Remember, you want to minimize these components. So, for instance, instead of looping 100 times waiting for data coming in, you could have the receiving
processor do a bunch of work before it starts to check if it has received anything. This effectively reduces the measured receive-side occupancy.
During and after you figure out what this code is, you'll have to write and time a number of smaller code snippets to try to figure out how to attribute
the costs across the 5 components of the 5-tuple. To do this, you'll have to write a number of small assembly snippets that measure different aspects of
the architecture (e.g., the branch misprediction cost, the total cost of a communication, etc).
In your writeup, you will be writing a report that:
a) argues that your methodology is valid for measuring the 5-tuples. note, I say argue because it will not necessarily be clear-cut
(e.g., how does one handle superscalar issue in the 5-tuple schema?)
b) describes the methodology and experiments in detail.
c) for the most efficient SON code you were able to find, describes what you believe happens on the Power4 when your code is executing.
This would include a description of what happens to cache lines, reservations, networks, etc.
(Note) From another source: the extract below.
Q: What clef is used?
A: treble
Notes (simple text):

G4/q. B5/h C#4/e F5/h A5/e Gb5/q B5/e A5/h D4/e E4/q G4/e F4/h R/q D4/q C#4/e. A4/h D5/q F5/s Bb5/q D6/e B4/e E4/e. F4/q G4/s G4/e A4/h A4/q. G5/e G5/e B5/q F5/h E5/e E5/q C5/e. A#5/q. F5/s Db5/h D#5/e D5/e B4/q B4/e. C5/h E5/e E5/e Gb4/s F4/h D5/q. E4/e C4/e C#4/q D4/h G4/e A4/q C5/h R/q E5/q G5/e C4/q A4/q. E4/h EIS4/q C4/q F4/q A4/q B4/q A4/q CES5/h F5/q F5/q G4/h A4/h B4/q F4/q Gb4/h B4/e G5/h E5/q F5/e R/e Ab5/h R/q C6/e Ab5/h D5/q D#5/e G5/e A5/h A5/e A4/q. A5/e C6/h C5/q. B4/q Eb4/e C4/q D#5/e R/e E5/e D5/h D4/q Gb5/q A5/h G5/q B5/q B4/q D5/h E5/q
You will need to refer to the Power4 paper to do this.
d) makes a recommmendation for the Power4 architects on how to improve the 5-tuple value for their machine. Be detailed. For instance, if you
say that they should implementing register-mapped static networks, then you need to describe how the machine would have to be changed.
In the spirit of scientific methodology, part b) of your writeup must document the sub-experiments you did. You should
include:
1. the sub-experiment you were trying to run (e.g., measuring branch mispredict penalty by ...), and what you were trying to learn from it.
2. what the expected outcome was (the "hypothesis")
3. what the actual outcome was, and your explanation of the outcome.
4. what your conclusion is, and what the potential interfering effects (sources of error) might be.
5. in the appendix, a copy of the code you tried for the sub-experiment. Please omit support code (such as Makefiles, timing routines, etc)
if the code snippet is short enough, you may include it inline in the writeup.
For this component, you will optimize and parallelize matrix multiply (previously, the assignment specified face detection, however matrix multiply was chosen to keep the project in-scope.) The code, including test harness (in mxm.c) is in:
/rmount/users02/ucsd/mbtaylor/prog2
You will rewrite the function multiply_optimized for optimized, parallel execution on an 8-processor Power4 machine.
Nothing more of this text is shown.